Glenn Magee on the invisible church

He [Sebastian Franck] makes a distinction between what he calls the church “visible” and “invisible”. The “invisible church” is constituted by the Holy Spirit, through the loving hearts of all men. This conception of the invisible church, stated here by Franck for perhaps the first time, will later be important for the Risicrucians and Freemasons, and for their intellectual heirs, Schelling, Hölderlin and Hegel.

p. 35

Like the Rosicrucians, the Masons believed in the fundamental identity of all religions. Beneath the superficial differences of religions was supposed to lie a Prisca theologia. According to Schneider, “The aim of the lodges was the creation of a new man through membership in a communion mirroring a rational universe of freedom and love, just as primitive Christianity had once sought to call into being children of God for the Kingdom of God” [Heinrich Schneider, Quest for Mysteries: The Mystical Background for Literature in Eighteenth Century Germany; Ithaca, N.Y.: Cornell University Press, 1947, p. 57]. Indeed the conception of an invisible church — an idea advanced, as we saw in the last chapter, by the mystic Sebastian Franck — was one of the precepts of Masonry. Edmond Mazet writes that Masonry would lead its members, “each through proper understanding of his own faith, to this transcendental truth” [Edmond Mazet, “Freemasonry and Esotericism”, Modern Esoteric Spirituality; New York: Crossroad, 1995, p. 249]. Indeed, Masonry would come to “incorporate” Rosicrucianism, investing its higher degrees with Rosicrucian imagery.

[…]

In 1778, Lessing published his Ernst and Falk: Dialogues for Freemasons (Freimaürgespräche). Lessing’s Nathan the Wise (1779), a play with some broadly construed Masonic themes was a great influence on Hegel. Among other things, the play presses the Masonic theme of a unity of the world’s religions, and thus of an “invisible church.” In act IV, scene 7, the Christian Friar praises Nathan, a Jew:

Friar: O Nathan, Nathan! You’re a Christian soul! By God a better Christian never lived!
Nathan: And well for us! For what makes me for you a Christian, makes yourself for me a Jew!

p. 54-5

Robert Schneider has characterized [Johann Albrecht] Bengel as “the philosopher of history who anticipated the work of Schelling and Hegel” [Robert Schneider, Geistesahnen, 38]. Bengel believed thaat he was the herald of a “final age” of man in which God would achieve perfect self-actualization in the world, history would end, and all reality would be absorbed into God.

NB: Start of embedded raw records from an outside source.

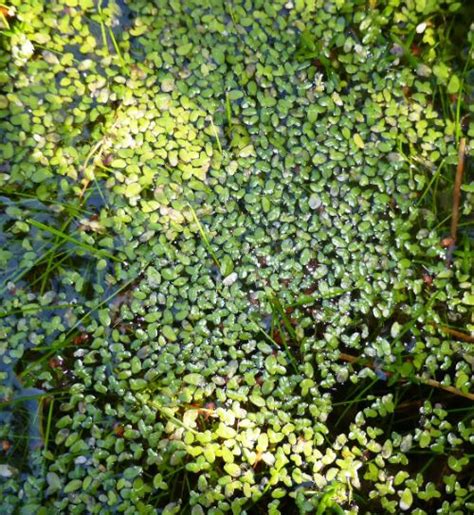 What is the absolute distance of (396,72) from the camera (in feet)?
7.68

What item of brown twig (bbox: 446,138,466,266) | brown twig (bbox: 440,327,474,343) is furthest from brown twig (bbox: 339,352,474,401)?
brown twig (bbox: 446,138,466,266)

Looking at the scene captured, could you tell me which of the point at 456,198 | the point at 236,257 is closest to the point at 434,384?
the point at 456,198

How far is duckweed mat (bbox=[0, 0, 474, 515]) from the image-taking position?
1885mm

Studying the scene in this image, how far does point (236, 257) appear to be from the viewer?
6.80 ft

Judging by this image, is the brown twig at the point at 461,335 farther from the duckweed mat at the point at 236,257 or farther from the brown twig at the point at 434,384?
the brown twig at the point at 434,384

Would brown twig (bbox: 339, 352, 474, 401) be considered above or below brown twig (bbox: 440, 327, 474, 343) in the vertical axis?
below

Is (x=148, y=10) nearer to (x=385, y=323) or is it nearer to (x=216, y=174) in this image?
(x=216, y=174)

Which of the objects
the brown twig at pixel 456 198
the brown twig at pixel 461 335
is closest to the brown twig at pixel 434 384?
the brown twig at pixel 461 335

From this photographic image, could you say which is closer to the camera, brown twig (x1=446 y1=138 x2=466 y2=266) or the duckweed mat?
the duckweed mat

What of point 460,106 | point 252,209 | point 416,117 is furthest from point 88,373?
point 460,106

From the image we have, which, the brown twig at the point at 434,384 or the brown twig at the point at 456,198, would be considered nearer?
the brown twig at the point at 434,384

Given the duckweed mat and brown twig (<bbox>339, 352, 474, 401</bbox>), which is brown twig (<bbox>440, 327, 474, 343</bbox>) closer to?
the duckweed mat

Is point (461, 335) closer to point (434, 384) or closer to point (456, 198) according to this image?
point (434, 384)

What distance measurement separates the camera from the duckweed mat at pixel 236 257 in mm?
1885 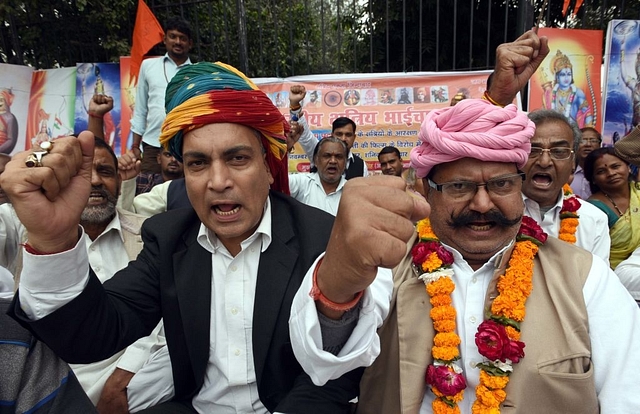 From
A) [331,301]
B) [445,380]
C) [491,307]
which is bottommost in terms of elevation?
[445,380]

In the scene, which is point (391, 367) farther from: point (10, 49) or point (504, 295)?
point (10, 49)

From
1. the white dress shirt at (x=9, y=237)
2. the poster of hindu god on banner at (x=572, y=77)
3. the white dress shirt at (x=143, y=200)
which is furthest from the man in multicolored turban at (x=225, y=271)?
the poster of hindu god on banner at (x=572, y=77)

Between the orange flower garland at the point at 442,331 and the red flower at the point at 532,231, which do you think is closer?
the orange flower garland at the point at 442,331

Specifically, Bengel held that this would occur in 1836. Bengel and his followers, who called themselves “The Free” Die Freien), proclaimed the perennial ideal of the invisible church, which would prepare man for the end of time.

p. 64

In a letter from Hegel to Schelling dated January 1795, Hegel writes: “Reason and Freedom remain our watchword, and our rallying point the Invisible Church.” I have already noted the use of the term invisible cburcb by German mystics and Freemasons. H. S. Harris writes: “It seems to me virtually certain that for Hegel, at any rate, the ‘invisible Church’ originally referred to the cosmopolitan ideal of Freemasonry as envisaged by Lessing in Ernst und Falk” [Harris, Toward the Sunlight, 105]. However, Robert Schneider holds that Hegel’s use of the term invisible church, as well as the phrase “Kingdom of God” (which occurs in the same letter), is evidence of the influence of Pietist theology [Robert Schneider, Geistesahnen, 41]. It may very well be that Hegel and Schelling encountered this terminology in both Masonic and Pietist circles. Harris makes mention of a “secret club” at Tübingen, in which Masonic ideals were discussed (although he thinks that the term invisible church was not much used there) [Harris, Toward the Sunlight, 106]. Hegel was also influenced early on by the millenarian ideas of two French Masonic philosophes, Volney and Rabaut de Saint-Etienne [see D’Hondt, Hegel Secret, 83-153].

p. 73

Bengel and his followers, who called themselves “The Free” (Die Freien), proclaimed the perennial ideal of the “invisible church,” a conception which is similar to Joachim’s informal “community of the faithful,” which was supposed to characterize the third age.” As discussed earlier, the invisible church is a perennial theme of German mysticism, and also an important concept for both the Freemasons and the Rosicrucians (who also spoke of an “invisible college”). […] Dickey argues that the “Protestant civil piety” of Old Württemberg involved, among other things, the goal of establishing the kingdom of God on earth through a transformation of ethics. Robert Schneider, in fact, refers to the “kingdom of God” (Das Königreich Gottes) as the “consummate idea” of Swabian Pietism. In addition to Bengel, P. M. Hahn also preached a doctrine of the invisible church.